What is the “post-paleo right”? Dr. Gottfried says:
This post-paleo right will follow the paleos in breaking from the “conservative movement” as it now exists or as it has been reconstituted since the 1980s. It will seek to return to the constitutional liberal traditions of the anti-New Deal coalition. Decentralization, restriction on immigration as a source of social disorder and as an excuse for the expansion of the government’s social engineering, and the total rejection of a global democratic foreign policy will likely be the pillars of the new political alignment. Most importantly, its advocates will have no “patriotic” illusions about our managerial regime.

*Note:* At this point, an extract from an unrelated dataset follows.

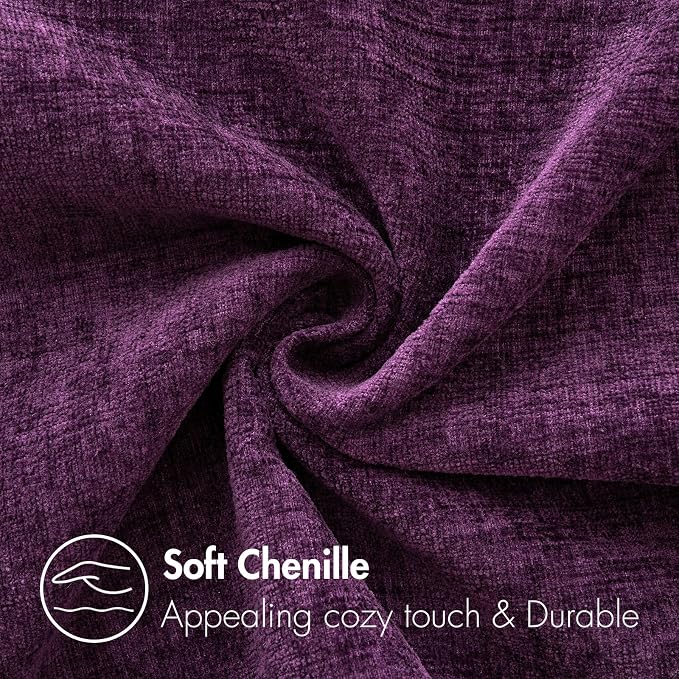MIULEE Pack of 2 Couch Throw Pillow Covers 20x20 Inch Soft Plum Purple Chenille - Image 2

I certainly agree that these should be the priorities, whether you want to call it paleo or post-paleo, but it seems to me that the “post-paleo right” has essentially the same priorities and goals that paleoconservatives have had for the last twenty years and more and that the “post-paleo right” has adopted them thanks to the arguments of paleoconservatives. So the “post-paleo right” seems to be a second wave or second generation of paleoconservatism. Dr. Gottfried says that the new coalition will not be “a paleo coalition,” but what does this mean? Won’t the priorities of constitutionalism, decentralism, immigration restriction and rejection of democratist hegemony continue to attract a coalition that is broadly similar to the voters who backed Mr. Buchanan in his presidential bids?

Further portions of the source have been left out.